----- DATASET EXCERPTS -----

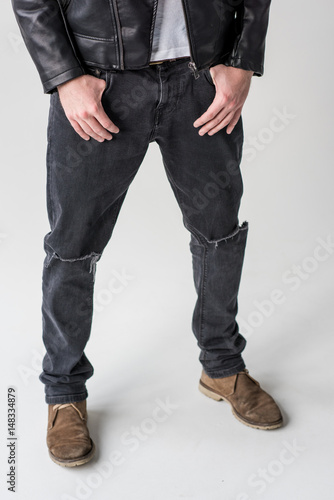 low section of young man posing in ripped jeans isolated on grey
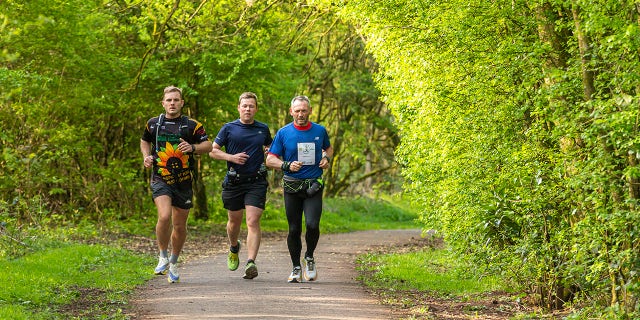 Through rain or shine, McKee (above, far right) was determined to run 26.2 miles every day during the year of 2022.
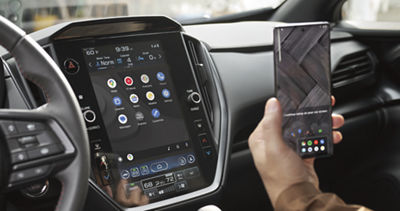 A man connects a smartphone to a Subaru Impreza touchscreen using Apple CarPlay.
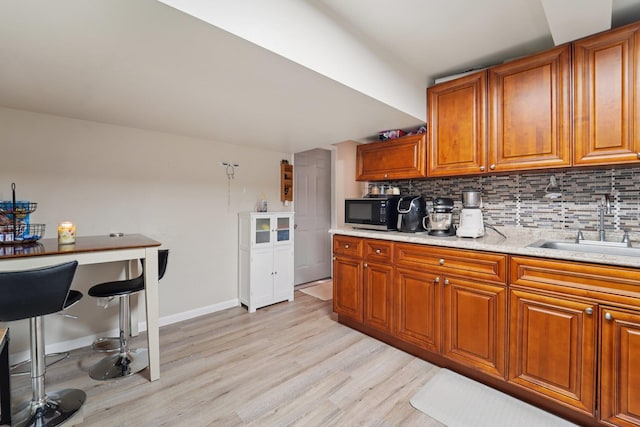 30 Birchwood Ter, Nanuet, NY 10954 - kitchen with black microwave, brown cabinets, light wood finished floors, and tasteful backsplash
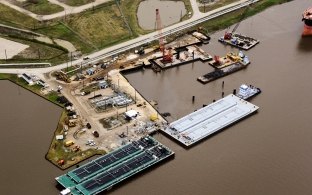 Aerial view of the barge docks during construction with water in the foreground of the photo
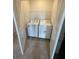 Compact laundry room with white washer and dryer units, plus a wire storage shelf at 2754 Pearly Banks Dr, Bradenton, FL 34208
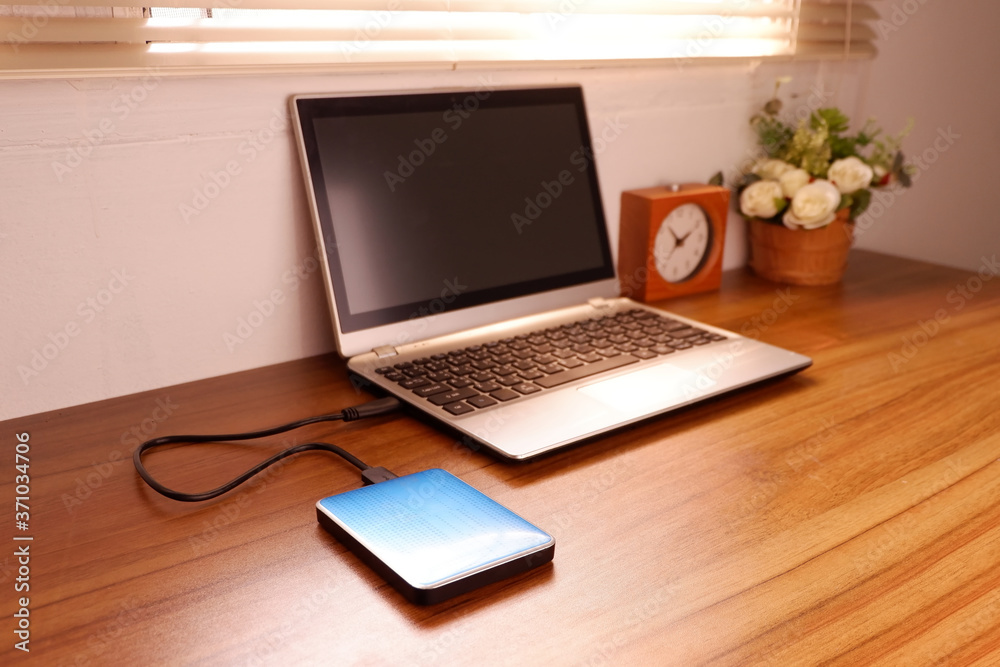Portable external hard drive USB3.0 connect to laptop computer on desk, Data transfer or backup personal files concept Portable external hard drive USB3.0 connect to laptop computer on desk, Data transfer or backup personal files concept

-----

* [TASK DETAILS] Copy the material exactly as written and leave every picture behind.

* [ANSWER BOX]
 low section of young man posing in ripped jeans isolated on grey
 Through rain or shine, McKee (above, far right) was determined to run 26.2 miles every day during the year of 2022.
 A man connects a smartphone to a Subaru Impreza touchscreen using Apple CarPlay.
 30 Birchwood Ter, Nanuet, NY 10954 - kitchen with black microwave, brown cabinets, light wood finished floors, and tasteful backsplash
 Aerial view of the barge docks during construction with water in the foreground of the photo
 Compact laundry room with white washer and dryer units, plus a wire storage shelf at 2754 Pearly Banks Dr, Bradenton, FL 34208
Portable external hard drive USB3.0 connect to laptop computer on desk, Data transfer or backup personal files concept Portable external hard drive USB3.0 connect to laptop computer on desk, Data transfer or backup personal files concept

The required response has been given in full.